I've created this function that basically scrapes Technorati for blog posts and URLs to those posts. Btw, I tortured myself to find an API for this, and couldn't find one. I do feel ashamed for this scraper, but there should be an API! Anyway...

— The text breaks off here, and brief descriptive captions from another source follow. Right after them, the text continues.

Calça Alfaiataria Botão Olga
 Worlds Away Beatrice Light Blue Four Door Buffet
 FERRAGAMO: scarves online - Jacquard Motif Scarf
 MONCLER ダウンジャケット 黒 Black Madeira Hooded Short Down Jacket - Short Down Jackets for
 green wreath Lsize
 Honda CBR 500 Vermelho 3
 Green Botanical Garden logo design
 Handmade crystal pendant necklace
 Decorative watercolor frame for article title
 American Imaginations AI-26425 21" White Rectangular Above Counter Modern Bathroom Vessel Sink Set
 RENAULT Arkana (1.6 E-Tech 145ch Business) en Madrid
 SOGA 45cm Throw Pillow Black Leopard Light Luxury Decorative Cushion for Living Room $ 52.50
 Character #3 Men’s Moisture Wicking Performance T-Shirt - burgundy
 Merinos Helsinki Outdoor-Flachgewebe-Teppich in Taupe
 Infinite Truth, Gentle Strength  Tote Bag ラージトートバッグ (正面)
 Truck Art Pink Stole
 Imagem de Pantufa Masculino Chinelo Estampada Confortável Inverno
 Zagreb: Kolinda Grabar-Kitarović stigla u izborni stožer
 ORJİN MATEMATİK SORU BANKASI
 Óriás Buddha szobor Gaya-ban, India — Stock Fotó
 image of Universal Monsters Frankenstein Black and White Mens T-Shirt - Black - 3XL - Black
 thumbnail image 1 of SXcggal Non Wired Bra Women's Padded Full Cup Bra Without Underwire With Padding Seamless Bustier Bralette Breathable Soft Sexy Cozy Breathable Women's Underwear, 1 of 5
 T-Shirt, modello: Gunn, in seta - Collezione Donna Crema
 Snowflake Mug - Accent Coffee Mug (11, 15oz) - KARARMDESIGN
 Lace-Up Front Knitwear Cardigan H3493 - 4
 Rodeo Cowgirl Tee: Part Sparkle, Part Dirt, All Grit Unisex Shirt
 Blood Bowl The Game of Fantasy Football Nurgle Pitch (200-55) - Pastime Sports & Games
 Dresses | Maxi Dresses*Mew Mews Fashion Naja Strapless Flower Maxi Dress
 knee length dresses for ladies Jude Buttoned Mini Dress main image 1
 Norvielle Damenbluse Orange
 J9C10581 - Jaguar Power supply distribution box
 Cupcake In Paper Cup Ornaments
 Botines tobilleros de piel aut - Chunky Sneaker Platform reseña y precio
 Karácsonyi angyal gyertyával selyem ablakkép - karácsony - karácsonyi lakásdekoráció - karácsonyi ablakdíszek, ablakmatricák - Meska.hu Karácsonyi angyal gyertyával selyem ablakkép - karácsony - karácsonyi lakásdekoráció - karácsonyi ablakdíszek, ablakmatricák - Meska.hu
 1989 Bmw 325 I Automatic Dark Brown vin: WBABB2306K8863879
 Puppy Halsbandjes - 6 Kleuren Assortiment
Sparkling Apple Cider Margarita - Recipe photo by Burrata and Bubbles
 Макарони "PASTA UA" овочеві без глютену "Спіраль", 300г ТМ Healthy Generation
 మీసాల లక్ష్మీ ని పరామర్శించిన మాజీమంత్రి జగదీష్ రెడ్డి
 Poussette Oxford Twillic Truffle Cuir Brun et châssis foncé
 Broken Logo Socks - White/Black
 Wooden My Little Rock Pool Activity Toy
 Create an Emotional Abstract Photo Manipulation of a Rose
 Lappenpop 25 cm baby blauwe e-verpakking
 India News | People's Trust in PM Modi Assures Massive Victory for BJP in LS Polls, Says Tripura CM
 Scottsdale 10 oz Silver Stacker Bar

function get_technorati_bposts($kwd) {
//
global $user, $settings;
$user_id = $user->id;
if (!$user OR $user->verified != 1 OR $user->suspend != 0) {echo "no permission"; return;}
//
$items_max = $settings['scraper_num_technorati'];
$i = 0;
$p = 1;
$posts = array();
//
while ($i < $items_max) {
$url = "http://technorati.com/search?q=". urlencode($kwd) ."&return=posts&sort=relevance&topic=overall&source=blogs&authority=high&page=". $p ."";
$ch = curl_init();
curl_setopt($ch, CURLOPT_URL, $url);
curl_setopt($ch, CURLOPT_RETURNTRANSFER, TRUE);
curl_setopt($ch, CURLOPT_FOLLOWLOCATION, TRUE);
curl_setopt($ch, CURLOPT_MAXREDIRS, 3);
curl_setopt($ch, CURLOPT_USERAGENT, "Mozilla/5.0 (Windows; U; Windows NT 5.1; en-US; rv:1.8.1.13) Gecko/20080311 Firefox/2.0.0.13");
curl_setopt($ch, CURLOPT_HEADER, FALSE);
curl_setopt($ch, CURLOPT_TIMEOUT, 20);
curl_setopt($ch, CURLOPT_HTTPHEADER , "Content-Type: text/xml; charset=utf-8");
$output = curl_exec($ch);
curl_close($ch);
//
$html = "";
$html = str_get_html($output);
foreach ($html->find(".search-results li") as $key => $elm) {
foreach ($elm->find(".offsite") as $url) {
//
$href = $url->href;
$parse = parse_url($href);
$domain = $parse['host'];
$match = 0;
foreach ($posts as $item) {
$href_b = $item['Url'];
$parse_b = parse_url($href_b);
$domain_b = $parse_b['host'];
if ($domain == $domain_b) {$match++;}
}
if ($match > 0) {continue;}
//
$posts[$i]['Url'] = $href;
$posts[$i]['Thumb'] = "http://api.snapito.com/web/".$settings['scraper_snapito_key']."/sc/" . $href . "?fast";
$posts[$i]['Title'] = $url->title;
//
$i++;
}
if ($items_max == $i) {break;}
}
//
$p++;
}
print_r(json_encode($posts));
//
}
Problem is from time to time, I get internal server error 500.
And log files say this:
PHP Fatal error: Call to a member function find() on a non-object in /Library/WebServer/Documents/words/lib/scraper-functions.php on line 432
Is this because cURL times out? Anything I can do to avoid this? So if cURL doesn't return anything call the function again so I get content at some point?